Assignment:
Excluding any images, copy all of the lines below precisely as written.

Raw data:
------------------------------------------------------------------------

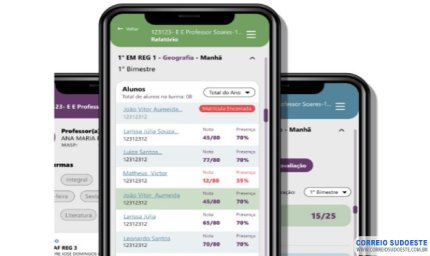 Secretaria de Educação desenvolve novo Diário Escolar Digital com auxílio dos professores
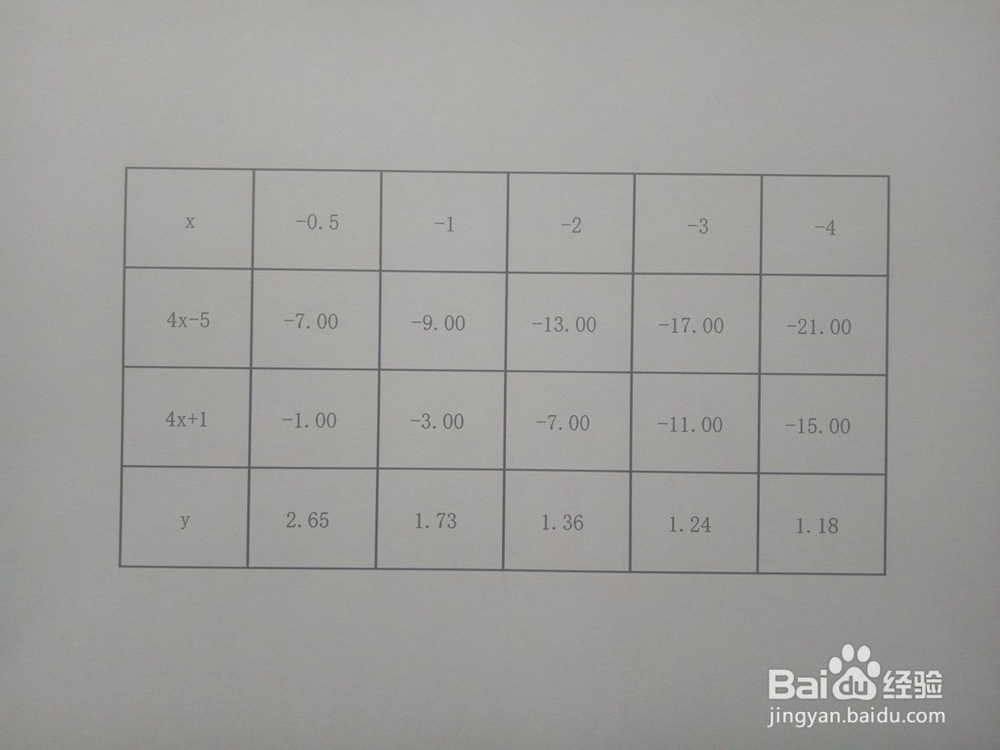 函数y=√[(4x-5)/(4x+1)]的图像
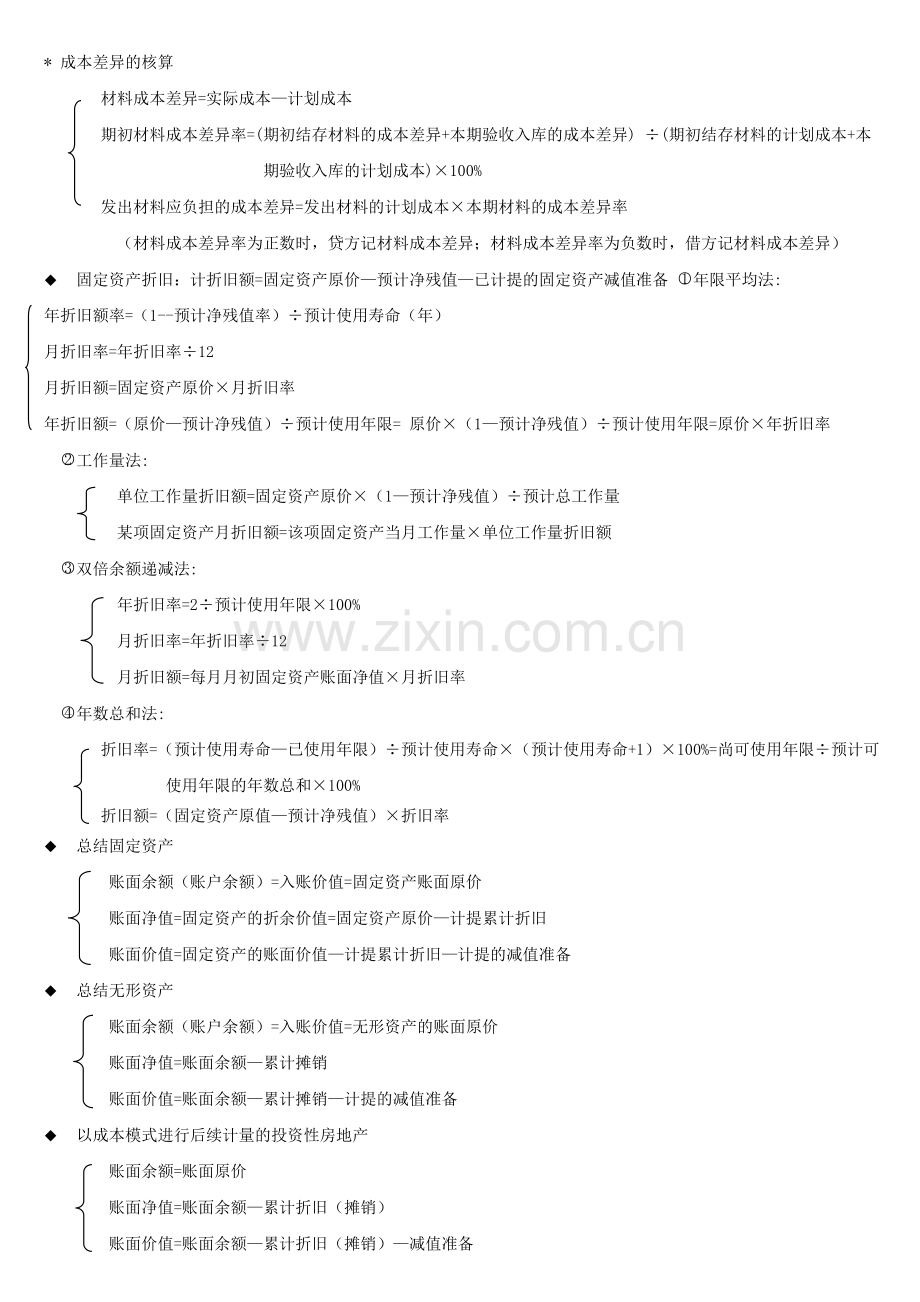 初级会计实务各章公式汇总.doc_第2页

------------------------------------------------------------------------

Task result:
 Secretaria de Educação desenvolve novo Diário Escolar Digital com auxílio dos professores
 函数y=√[(4x-5)/(4x+1)]的图像
 初级会计实务各章公式汇总.doc_第2页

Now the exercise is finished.